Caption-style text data
::::
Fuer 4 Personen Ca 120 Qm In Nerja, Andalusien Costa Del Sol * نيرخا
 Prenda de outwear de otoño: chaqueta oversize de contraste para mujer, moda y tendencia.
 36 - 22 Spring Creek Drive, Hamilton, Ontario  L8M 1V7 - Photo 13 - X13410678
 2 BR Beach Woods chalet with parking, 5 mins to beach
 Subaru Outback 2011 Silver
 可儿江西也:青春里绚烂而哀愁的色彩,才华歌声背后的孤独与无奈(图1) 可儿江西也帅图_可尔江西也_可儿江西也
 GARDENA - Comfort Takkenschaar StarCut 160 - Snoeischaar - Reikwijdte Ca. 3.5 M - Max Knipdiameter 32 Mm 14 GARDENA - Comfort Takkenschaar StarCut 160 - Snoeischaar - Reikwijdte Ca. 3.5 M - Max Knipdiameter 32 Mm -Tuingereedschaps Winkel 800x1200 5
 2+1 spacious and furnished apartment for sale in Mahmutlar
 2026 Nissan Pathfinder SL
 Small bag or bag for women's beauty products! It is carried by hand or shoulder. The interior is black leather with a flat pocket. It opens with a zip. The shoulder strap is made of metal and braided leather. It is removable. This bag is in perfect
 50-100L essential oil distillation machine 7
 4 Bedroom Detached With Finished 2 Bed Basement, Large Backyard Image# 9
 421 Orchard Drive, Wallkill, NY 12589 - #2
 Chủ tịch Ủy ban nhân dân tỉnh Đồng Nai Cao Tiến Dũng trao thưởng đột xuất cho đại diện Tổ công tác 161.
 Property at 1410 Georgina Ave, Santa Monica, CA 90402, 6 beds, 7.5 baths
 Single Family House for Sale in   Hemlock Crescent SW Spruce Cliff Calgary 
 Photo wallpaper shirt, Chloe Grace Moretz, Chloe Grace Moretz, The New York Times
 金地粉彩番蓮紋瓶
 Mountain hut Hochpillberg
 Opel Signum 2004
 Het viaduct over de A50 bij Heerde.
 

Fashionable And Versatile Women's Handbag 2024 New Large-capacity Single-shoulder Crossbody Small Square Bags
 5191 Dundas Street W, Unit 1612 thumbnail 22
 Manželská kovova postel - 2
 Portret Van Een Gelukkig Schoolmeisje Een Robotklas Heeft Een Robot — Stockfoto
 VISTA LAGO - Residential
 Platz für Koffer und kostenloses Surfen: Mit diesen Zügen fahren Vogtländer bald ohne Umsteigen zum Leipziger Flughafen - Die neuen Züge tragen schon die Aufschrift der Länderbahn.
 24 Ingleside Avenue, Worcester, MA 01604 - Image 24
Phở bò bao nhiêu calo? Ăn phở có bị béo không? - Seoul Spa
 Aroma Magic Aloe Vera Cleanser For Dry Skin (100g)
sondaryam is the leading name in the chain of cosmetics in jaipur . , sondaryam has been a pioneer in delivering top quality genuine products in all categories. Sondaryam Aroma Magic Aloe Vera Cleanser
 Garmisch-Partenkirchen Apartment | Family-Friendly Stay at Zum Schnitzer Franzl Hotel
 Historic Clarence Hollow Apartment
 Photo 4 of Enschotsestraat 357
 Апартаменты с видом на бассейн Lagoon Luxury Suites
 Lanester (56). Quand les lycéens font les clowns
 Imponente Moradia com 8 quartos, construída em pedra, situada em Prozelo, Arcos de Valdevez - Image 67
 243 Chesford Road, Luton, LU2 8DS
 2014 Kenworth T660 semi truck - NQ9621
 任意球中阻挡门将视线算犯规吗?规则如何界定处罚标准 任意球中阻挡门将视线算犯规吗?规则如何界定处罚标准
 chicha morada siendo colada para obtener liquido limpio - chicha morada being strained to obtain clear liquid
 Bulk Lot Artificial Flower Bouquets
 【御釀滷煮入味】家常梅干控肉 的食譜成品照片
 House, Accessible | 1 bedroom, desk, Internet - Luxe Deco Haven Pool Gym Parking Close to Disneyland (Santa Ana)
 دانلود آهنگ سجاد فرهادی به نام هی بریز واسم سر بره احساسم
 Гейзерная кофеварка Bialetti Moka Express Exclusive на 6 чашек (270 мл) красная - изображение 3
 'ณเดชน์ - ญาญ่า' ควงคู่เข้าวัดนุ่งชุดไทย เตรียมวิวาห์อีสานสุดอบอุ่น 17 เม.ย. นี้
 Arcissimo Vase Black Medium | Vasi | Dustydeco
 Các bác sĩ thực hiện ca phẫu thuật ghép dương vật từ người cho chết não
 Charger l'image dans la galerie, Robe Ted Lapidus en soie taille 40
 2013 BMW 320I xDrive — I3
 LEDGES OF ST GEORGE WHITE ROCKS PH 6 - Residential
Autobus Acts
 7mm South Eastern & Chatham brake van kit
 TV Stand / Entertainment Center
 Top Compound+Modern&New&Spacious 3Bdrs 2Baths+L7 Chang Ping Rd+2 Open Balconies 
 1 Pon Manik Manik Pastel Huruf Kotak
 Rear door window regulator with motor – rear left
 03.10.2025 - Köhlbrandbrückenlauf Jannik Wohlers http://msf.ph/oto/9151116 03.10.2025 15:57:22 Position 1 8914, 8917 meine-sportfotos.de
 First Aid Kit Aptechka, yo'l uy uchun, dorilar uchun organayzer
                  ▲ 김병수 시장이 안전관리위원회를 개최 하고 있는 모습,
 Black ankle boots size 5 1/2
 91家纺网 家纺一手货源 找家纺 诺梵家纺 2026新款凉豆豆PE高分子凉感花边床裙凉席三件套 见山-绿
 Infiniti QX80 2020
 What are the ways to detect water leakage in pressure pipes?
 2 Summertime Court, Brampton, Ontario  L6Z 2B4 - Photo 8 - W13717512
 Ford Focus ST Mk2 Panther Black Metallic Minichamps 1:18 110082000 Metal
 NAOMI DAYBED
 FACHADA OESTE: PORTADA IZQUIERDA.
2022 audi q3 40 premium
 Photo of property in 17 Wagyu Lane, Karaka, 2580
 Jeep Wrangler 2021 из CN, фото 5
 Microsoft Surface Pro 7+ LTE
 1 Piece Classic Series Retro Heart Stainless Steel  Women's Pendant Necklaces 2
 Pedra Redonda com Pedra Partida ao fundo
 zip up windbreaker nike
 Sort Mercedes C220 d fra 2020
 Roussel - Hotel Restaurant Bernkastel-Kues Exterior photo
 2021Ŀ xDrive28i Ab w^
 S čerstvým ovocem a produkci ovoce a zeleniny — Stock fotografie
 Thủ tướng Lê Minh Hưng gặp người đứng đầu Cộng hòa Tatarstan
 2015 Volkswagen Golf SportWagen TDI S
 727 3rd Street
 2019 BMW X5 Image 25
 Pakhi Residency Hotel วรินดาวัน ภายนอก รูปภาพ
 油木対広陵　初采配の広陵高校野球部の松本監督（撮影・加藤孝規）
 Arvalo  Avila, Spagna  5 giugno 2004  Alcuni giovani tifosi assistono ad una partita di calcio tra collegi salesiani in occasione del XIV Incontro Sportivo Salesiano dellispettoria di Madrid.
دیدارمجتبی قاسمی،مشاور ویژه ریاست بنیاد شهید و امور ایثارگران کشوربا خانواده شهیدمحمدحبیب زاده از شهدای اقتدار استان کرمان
::::
-- Directions for this task --
Go through the entries and report every line with the string "Cleanser".

-- Answer to this exercise --
 Aroma Magic Aloe Vera Cleanser For Dry Skin (100g)
sondaryam is the leading name in the chain of cosmetics in jaipur . , sondaryam has been a pioneer in delivering top quality genuine products in all categories. Sondaryam Aroma Magic Aloe Vera Cleanser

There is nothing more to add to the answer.